Tattoo procrastination time can pass more quickly than you think. It seems like just a few years ago when I came up with this great idea for a tattoo with a Tree of Life growing out of a heart, and the banner Outlier Heart, which is the title of an essay of mine. I haven’t had the chance to get my arm inked just yet. (When I even bring up the subject of the tattoo to Bernie, she just says “whatever,” but she’ll see …)
But when I started working with Portland-based artist Gigi Little on the cover for my essay collection, Outlier Heart, to be published in a couple weeks by IFERS Press, I knew what I wanted — it was that tattoo idea.
I brought the concept to Gigi and she has been artful and diligent in bringing it into being, at least as a book cover. She also writes detailed emails to make her thought process and my choices very clear to both of us. The original tattoo, in my mind that is, is not exactly the one you see here. Along the way, we made some significant changes in the overall shape of the image, from circular to more vertical, and that banner went away, but I quite like where we’ve ended up.

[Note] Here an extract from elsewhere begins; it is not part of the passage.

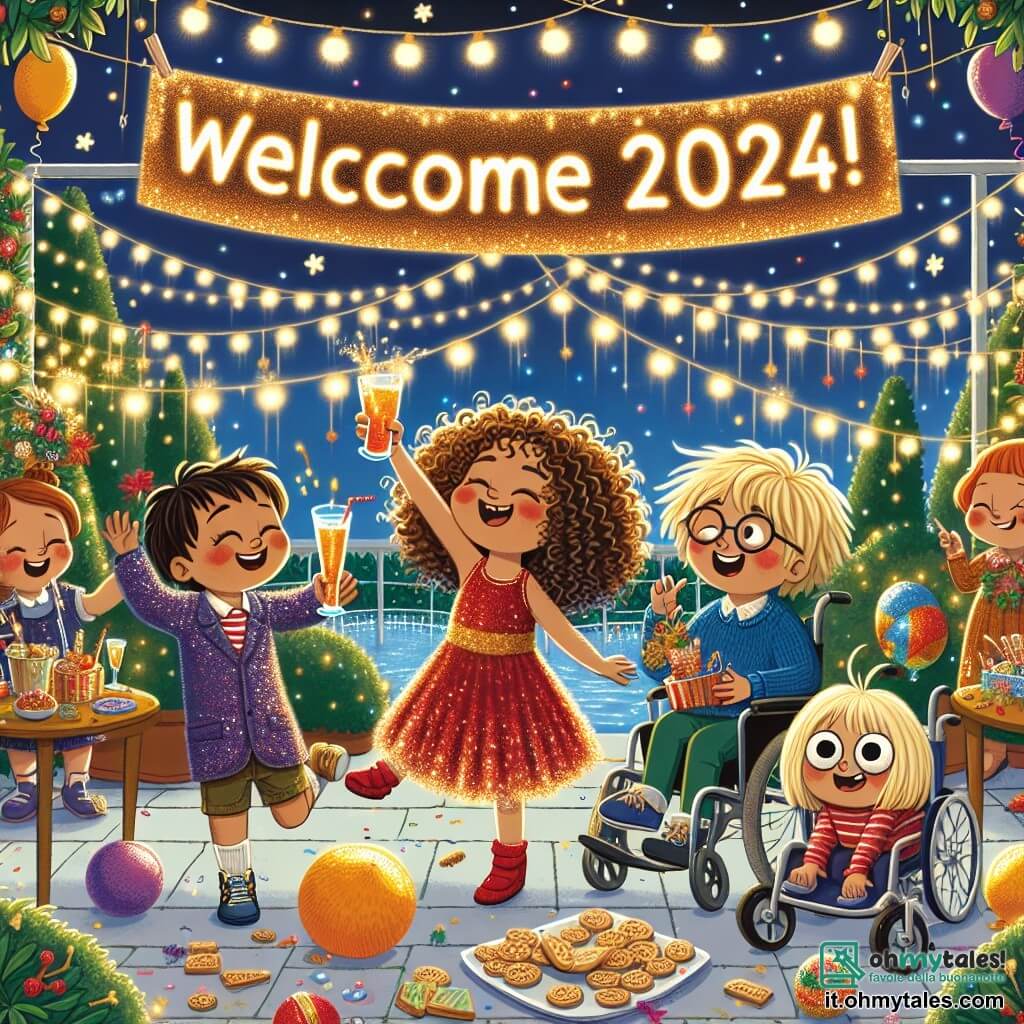 Illustrazione che rappresenta una scena festiva della notte di Capodanno in un giardino illuminato. Il giardino è decorato con ghirlande luminose appese agli alberi e palloncini colorati fluttuano nell'aria. Al centro, un grande striscione in carta brillante mostra "Benvenuto 2024!" in lettere dorate. Quattro bambini sono in primo piano: una ragazza con capelli ricci e castani, di circa 10 anni, indossa un vestito rosso con paillettes e sorride alzando un bicchiere di succo di frutta. Accanto a lei, un'altra ragazza con lunghi capelli biondi intrecciati, di 9 anni, balla con movimenti divertenti, indossando una gonna colorata. Un ragazzo con capelli castani, di 10 anni, indossa un maglione blu e fa gesti esagerati imitando un animale, facendo ridere gli altri. Infine, una ragazza con occhiali e capelli corti, di 9 anni, è seduta su una sedia a rotelle, tiene biscotti decorati e sorride guardando le sue amiche. La scena principale mostra i bambini che celebrano insieme, circondati da risate e gioia, mentre fuochi d'artificio esplodono nel cielo stellato, illuminando i loro volti meravigliati. Stelle scintillanti e coriandoli colorati cadono attorno a loro, contribuendo all'atmosfera festiva e magica di questa notte indimenticabile.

It’s much easier to make revisions in the digital than in the fleshly, people. Which I think is a validation of my approach to getting tattooed. 1. Have the idea for the tattoo. 2. Don’t get it. 3. Write and publish several nonfiction essays, many highly personal. 4. Find a publisher for the collection. 5. Create the book cover using your tattoo idea. 6. Then get the tattoo. Makes sense to me.